The five languages of love; existential irrelevance; and frank and honest conversations were all part of the budget discussion before 9:00am on Tuesday morning.
Hon Coralee O’Rourke gave the keynote presentation outlining the key elements of the government’s budget this year. Her clear commitment was to continue working with the community to progress the Thriving Communities initiative, acknowledging there was still a lot of work to do.
ABC News presenter Matt Wordsworth then facilitated two panels discussing various aspects of the budget with questions from the floor.
Questions about the NDIS; youth justice; cost of living; child safety and in many cases the intersection of these issues were asked with Ministers O’Rourke, Farmer and Bailey taking on the job of answering and setting out the government position – most of which is contained in the budget papers.

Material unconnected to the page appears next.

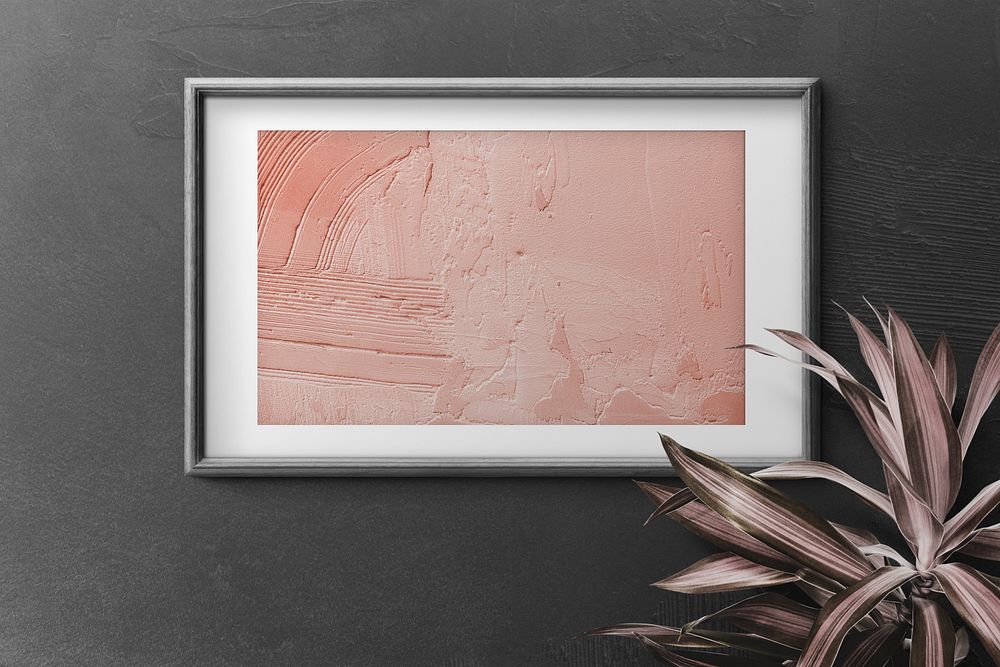 Photo frame mockup psd peach painting on black wall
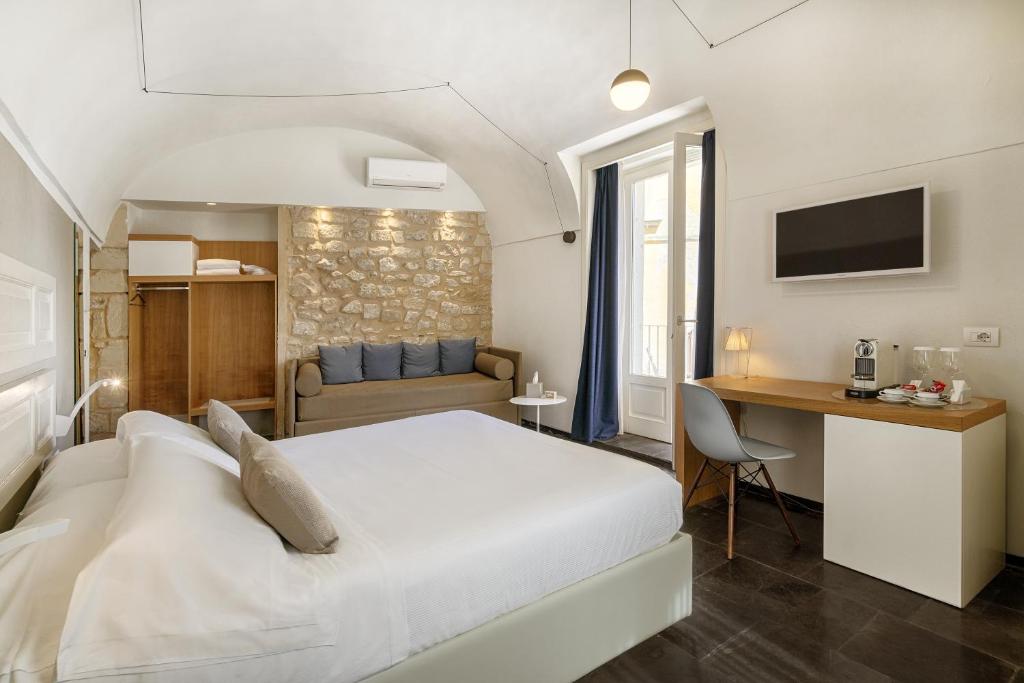 Postel nebo postele na pokoji v ubytování Iblaresort Boutique Hotel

Minister Farmer asked us as a sector to have the difficult conversations with them – and be frank and honest. They gave a commitment to work with the sector to move forward on the agenda for thriving communities, and ensure that the wellbeing of all is front of mind.

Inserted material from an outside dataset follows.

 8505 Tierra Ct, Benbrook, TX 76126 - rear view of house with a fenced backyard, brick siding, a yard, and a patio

The second panel featured Professor Anne Tiernan, Dean (Engagement), Griffith Business School; Anita Veivers, Executive Director, Centacare FNQ; and Neil Willmett, Chief Executive Officer, Queensland Aboriginal and Islander Health Council – their insights revealed a vastly different perspective on the budget.
Conversation ensued about no new economic thinking; the loss of small local providers in the sector; the need to embrace ambition in what we are doing; and find existing connections to do this; the five languages of love; and concern that our economics will become existentially irrelevant.
While the budget was disappointing, the commitment given at the budget breakfast was not!